The moment the country has been bracing for since the leaked draft opinion on the case that would overturn was published (and for which reproductive rights activists have been bracing for years) has arrived. As expected, the Supreme Court officially overturned Roe v. Wade and Planned Parenthood v. Casey in the Dobbs on Friday, June 24. This upends 50 years of precedent guaranteeing a constitutional right to an abortion, and means that abortion will be illegal or severely restricted almost immediately in 22 states.
It also means that some other rights the Supreme Court decided could also be on the chopping block—which Justice Clarence Thomas made clear in his concurring opinion.
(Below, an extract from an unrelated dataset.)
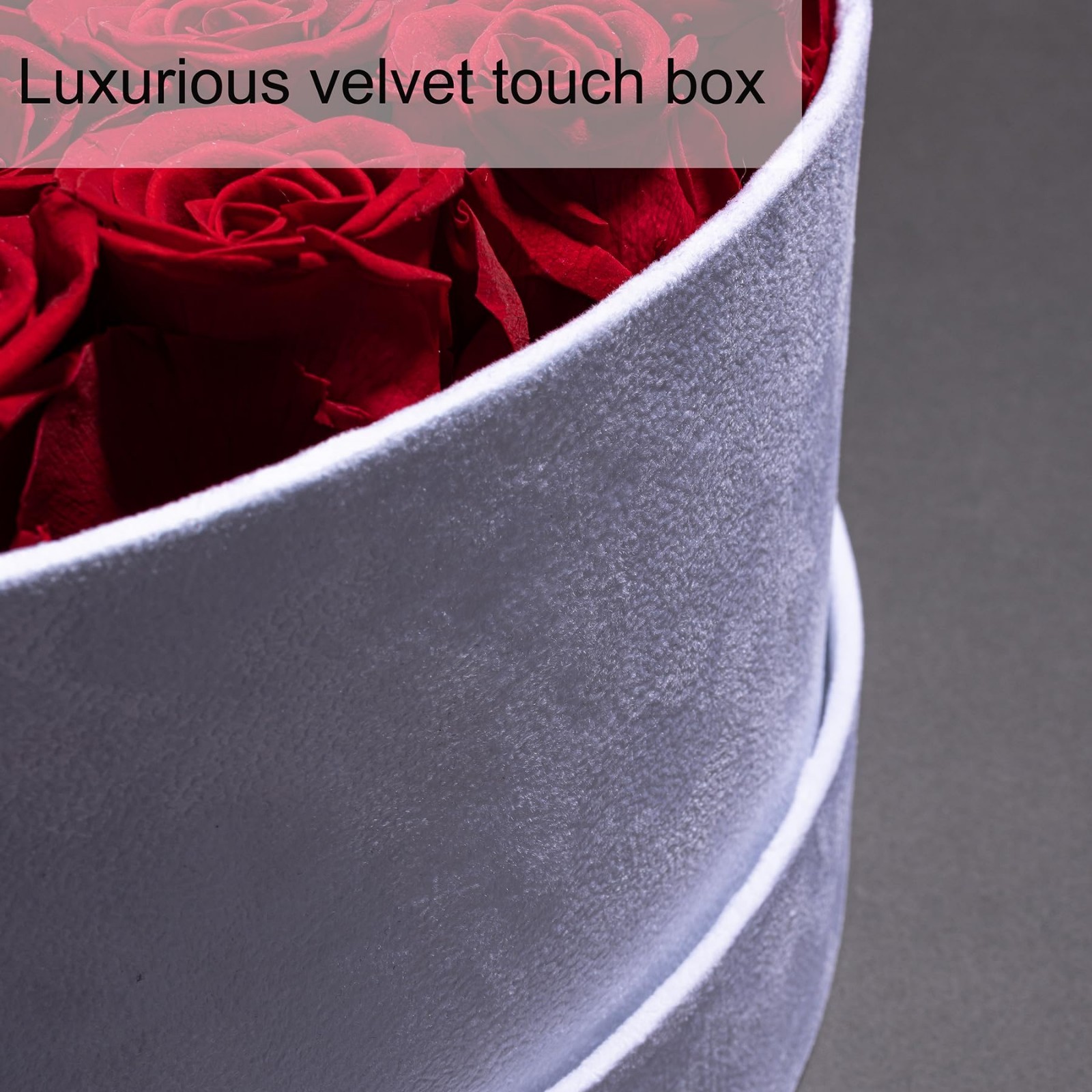 50-Piece Velvet Box of Preserved Pink Roses – Perfect Birthday Gift for Women, M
“In future cases, we should reconsider all of this Court’s substantive due process precedents, including Griswold, Lawrence, and Obergefell,” he wrote. Reminder: These were the cases that protected the rights to contraception, same-sex relationships, and same-sex marriage. So, to translate, Thomas is saying that because the court decided that the foundations for the original Roe and Casey rulings were faulty, rulings based on those same foundations (Griswold, Lawrence, and Obergefell), should also be “reconsidered.” Call me alarmist, but it sure sounds like Clarence Thomas is ready to take back contraception and gay marriage.
In his majority opinion, Justice Samuel Alito wrote, “Roe was egregiously wrong from the start. Its reasoning was exceptionally weak, and the decision has had damaging consequences. And far from bringing about a national settlement of the abortion issue, Roe and Casey have enflamed debate and deepened division.”
In their joint dissent, Justices Elena Kagan, Sonia Sotomayor, and Stephen Breyer wrote, “With sorrow—for this Court, but more, for the many millions of American women who have today lost a fundamental constitutional protection—we dissent.”